Why transparency matters in the cloud

by Lydia Leong  |  April 24, 2011  |  2 Comments

A number of people have asked if the advice that Gartner is giving to clients about the cloud, or about Amazon, has changed as a result of Amazon’s outage. The answer is no, it hasn’t.

In a nutshell:

1. Every cloud IaaS provider should be evaluated individually. They’re all different, even if they seem to be superficially based off the same technology. The best provider for you will be dependent upon your use case and requirements. You absolutely can run mission-critical applications in the cloud — you just need to choose the right provider, right solution, and architect your application accordingly.

2. Just like infrastructure in your own data center, cloud IaaS requires management, governance, and a business continuity / disaster recovery plan. Know your risks, and figure out what you’re going to do to mitigate them.

3. If you’re using a SaaS vendor, you need to vet their underlying infrastructure (regardless of whether it’s their own data center, colo, hosting, or cloud).

The irony of the cloud is that you’re theoretically just buying something as a service without worrying about the underlying implementation details — but most savvy cloud computing buyers actually peer at the underlying implementation in grotesquely more detail than, say, most managed hosting customers ever look at the details of how their environment implemented by the provider. The reason for this is that buyers lack adequate trust that the providers will actually offer the availability, performance, and security that they claim they will.

Without transparency, buyers cannot adequately assess their risks. Amazon provides some metrics about what certain services are engineered to (S3 durability, for instance), but there are no details for most of them, and where there are metrics, they are usually for narrow aspects of the service. Moreover, very few of their services actually carry SLAs, and those SLAs are narrow and specific (as everyone discovered recently in this last outage, since it was EBS and RDS that were down and neither have SLAs, with EC2 technically unaffected, so nobody’s going to be able to claim SLA credits).

Without objectively understanding their risks, buyers cannot determine what the most cost-effective path is. Your typical risk calculation multiplies the probability of downtime by the cost of downtime. If the cost to mitigate the risk is lower than this figure, then you’re probably well-advised to go do that thing; if not, then, at least in terms of cold hard numbers, it’s not worth doing (or you’re better off thinking about a different approach that alters the probability of downtime, the cost of downtime, or the mitigation strategy).

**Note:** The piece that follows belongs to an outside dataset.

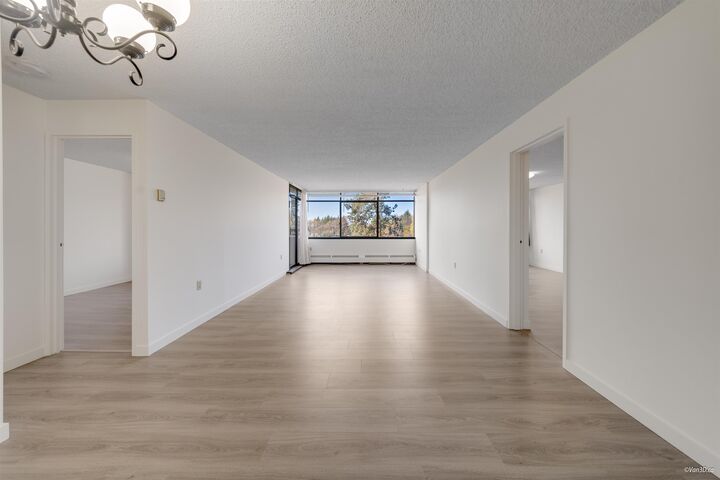 Property Photo:  6611 Minoru Boulevard 506  BC V6Y 1Y9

Note that this kind of risk calculation can go out the window if the real risk is not well understood. Complex systems — and all global-class computing infrastructures are enormously complex under the covers — have nondeterministic failure modes. This is a fancy way of saying, basically, that these systems can fail in ways that are entirely unpredictable. They are engineered to be resilient to ordinary failure, and that’s the engineering risk that a provider can theoretically tell you about. It’s the weird one-offs that nobody can predict, and are the things that are likely to result in lengthy outages of unknown, unknowable length.

It’s clear from reading Amazon customer reactions, as well as talking to clients (Amazon customers and otherwise) over the last few days, that customers came to Amazon with very different sets of expectations. Some were deep in rose-colored-glasses land, believing that Amazon was sufficiently resilient that they didn’t have to really invest in resiliency themselves (and for some of them, a risk calculation may have made it perfectly sane for them to run just as they were). Others didn’t trust the resiliency, and used Amazon for non-mission-critical workloads, or, if they viewed continuous availability as critical, ran multi-region infrastructures. But what all of these customers have in common is the simple fact that they don’t really know how much resiliency they should be investing in, because Amazon doesn’t reveal enough details about its infrastructure for them to be able to accurately judge their risk.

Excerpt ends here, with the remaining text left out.